The first day of school for Plantation Park Elementary School’s kindergarten teacher Lindsay Burns was a day she says she’ll never forget.
“It was quiet time, and I was feeling a little hungry,” the Bossier City teacher said, as the students were engaged in their own activities in the early afternoon of Aug. 14. “I had been a little busy, and I hadn’t had a chance to eat, and I got a piece of fruit out of my refrigerator.”
She took a bite of that fruit and that’s when the unthinkable happened.
“When I took a bite, it immediately just slipped down into my throat,” she described.
Lindsay said she was able to breathe momentarily, but that’s when things got progressively worse.
“I thought, well, I’ll just wash it down with some water,” the 18-year-veteran teacher said. “I took a sip, and that’s when things got really bad, and it just escalated from there when it lodged in and I couldn’t breathe.”
She said she didn’t want to panic in front of her students, so she ran out of the classroom. That’s when she ran into Deputy Slopak.
“I was here at the right time and the right place,” said Slopak, who was only on his second full day serving as a School Resource Officer at Plantation Park Elementary School.
Bossier Parish Sheriff’s Deputy and SRO Chris Slopak was making his rounds when he saw Mrs.
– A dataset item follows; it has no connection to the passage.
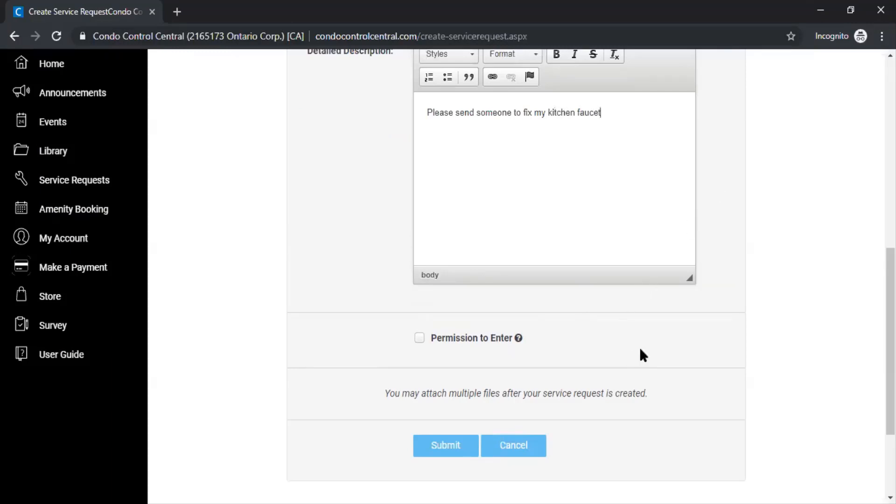If you're going to give the management permission to enter your unit you can check off this box which says permission to enter.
Burns struggling to get air. He says that’s when his training kicked in.
“We met up roughly about right here [pointing to the middle of the hallway], I turned around, found her diaphragm, and placed my fist in the right area and just started applying pressure,” he said.
“I was continually asking her, ‘Can you breathe’?” he said. “She wasn’t breathing. About three or four more times, we were able to get it dislodged, and she went back to work. She’s a trooper.”
Mrs. Burns calls Chris her guardian angel.
“I feel thankful that he was there for me…he saved my life,” she said. “I don’t think I would have lasted much longer had he not been standing there.”
Deputy Slopak says it’s part of his duty to protect and serve. That even involves knowing how to administer the Heimlich Maneuver.
“When we put our uniforms on every day, we’re not thinking about that type of scenario, though we are trained for those situations,” Deputy Slopak said. “We’re more on a high alert, always trying to be aware of our surroundings. This is just part of the job that comes with it, and I’m just glad I was here when I was.”